つまり、ユーザー数を社員数で割り戻した数字が、昔とはケタが3つぐらい違う世界になっていて、あらゆる産業の中でも、かつてこんなに少人数の会社がこんなに多数の顧客を相手にしていることがあっただろうかというゾーンになってきている。かつては社員10人だと、どんなに頑張っても1000万人止まりだったのに、今だったら、理論上は10億人にまでいけるかもしれない。それをどう思うかの問題。これは挑戦者にとっては、すごくすばらしいことですよね。

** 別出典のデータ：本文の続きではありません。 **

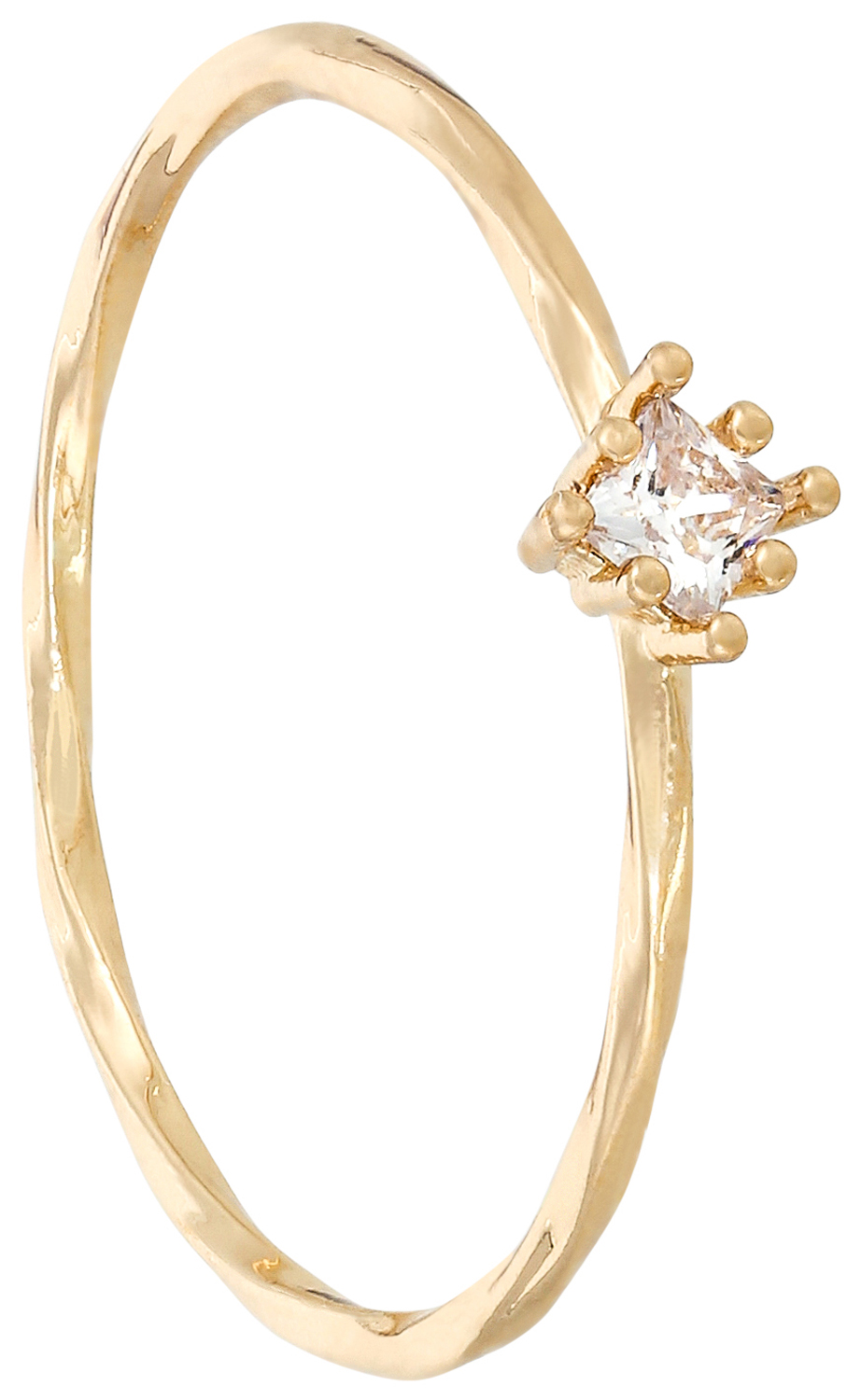 Ring, goldfarben, klarer Stein, Princess-Schliff, schmale Ringschiene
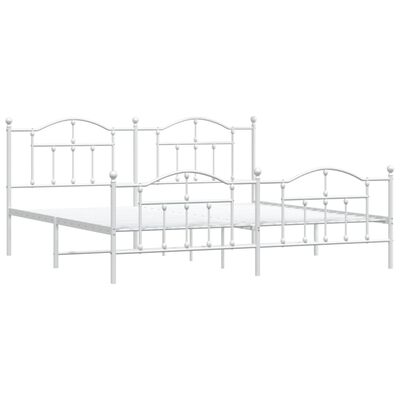 vidaXL Cadre de lit métal sans matelas et pied de lit blanc 200x200 cm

――日本のカルチャーでは難しいかもしれませんが、既存のメディア企業からデジタル部門だけを分離独立させてベンチャー的に運営するとか、ベンチャー企業を買収して、社内に今までと違うエコシステムを創るという選択肢はありえないでしょうか。

一般論としてはやるべきだと思うんですけど、それが現実にはすごく難しいということも、肌身にしみてよく分かります。

仮にこれから出版社がボコボコ潰れるとして、ネット企業が、ブランドとして利用価値のある会社を安く買いに行って、そこに対しネット業界の知識、ノウハウを持ち込んでターンアラウンド(再生)すれば、ものすごくもうかるし、社会的にも意義があるかもしれない。ネット企業の側は、「ネット広告の単価が上がらないのは、メディアブランドとしての看板、伝統がないからだ」とつねに言っていますから、その弱点を補える効果もあるかもしれない。こういう話は、パワーポイントに書く事業計画としては、ものすごく美しく書けるストーリーだと思う。

でも現実的には、どちらが悪いとかではなく、人間と人間の相性とかケミストリーとかカルチャーの問題は本当に大きいですよ。そういう要素があるから、もし自分がこうした再生プロジェクトを手がけるにしても、うまくやれる自信はないですね。